As you look at the issues that China has, and the imbalances, you look at certain industries that will have huge opportunities — social services, health care and education, as well as energy. For smaller companies, particularly for entrepreneurs, there are great growth opportunities in China.

China is a market that has its own characteristics, its own cultural characteristics, its own way of doing business, and the fallacy is that this is only good for big business. China is actually trying to compete more with the big businesses and people over there are looking for more entrepreneurial businesses to partner with. So for American entrepreneurs to associate with Chinese entrepreneurs as they mutually fight the big companies in both countries, that is something that’s supported by Chinese leadership. So the opportunity is definitely there.

How should CEOs and entrepreneurs begin to identify those opportunities?

This is complex. The first rule I have is that you have to like doing business in China. If it’s something that you don’t like and don’t want to do, you really shouldn’t do it. The investment is more in time and your commitment than in financial resources. You have to meet people. You have to see a diverse number of people in your area.

One way to think about it is in terms of your industrial area. Another way is geographically, if you have certain geographic areas that you explore. You will need to have introductions with leaders and potential business partners in several different cities. Then you will see diversity. You will see diversity geographically, you will see it in your industry, whatever industry you are in, and you will begin to get familiar with talking to and getting to know the right people.

Obviously, you should have good advisers — people who know the ground. There are a dozen or so major accounting firms. Of course, (Ernst & Young LLP) is my favorite. I work with them. But all the big accounting firms and consulting companies have different facilities that can be utilized. There are many different ways to go about it, but you shouldn’t be blind.

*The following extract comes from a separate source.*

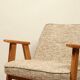 Vintage armchair brown granola oak wood design by Chierowski 366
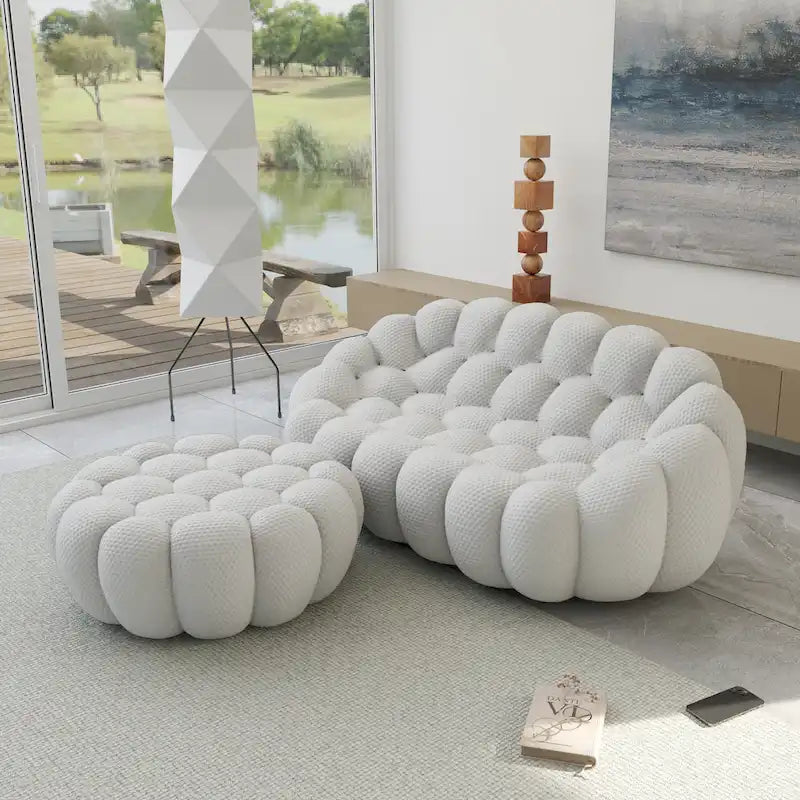 Canapé bulle moderne en tissu capitonné nid d'abeille 3D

Another principle is that you should be important. Whatever you do, whoever you are going to work with, you should be important to that individual. If you are an entrepreneur, you get somebody who is going to introduce you to the mayor of a big city. Suppose you get the meeting and you say, ‘Wow, that’s terrific.’ Really, it’s not, because you are not important to that mayor if you are only a small company. They may do it as favor to whomever introduced you to them. I could get you lots of meetings with a lot of people at high levels because they’ll do me a favor. But it’s really of no benefit because where does it go from there if you’re not important? So you always try to be important to whoever you are going to meet. If it’s another company, if it’s an official, you want to be able to bring something that’s important so that they really pay attention to you on a long-term basis.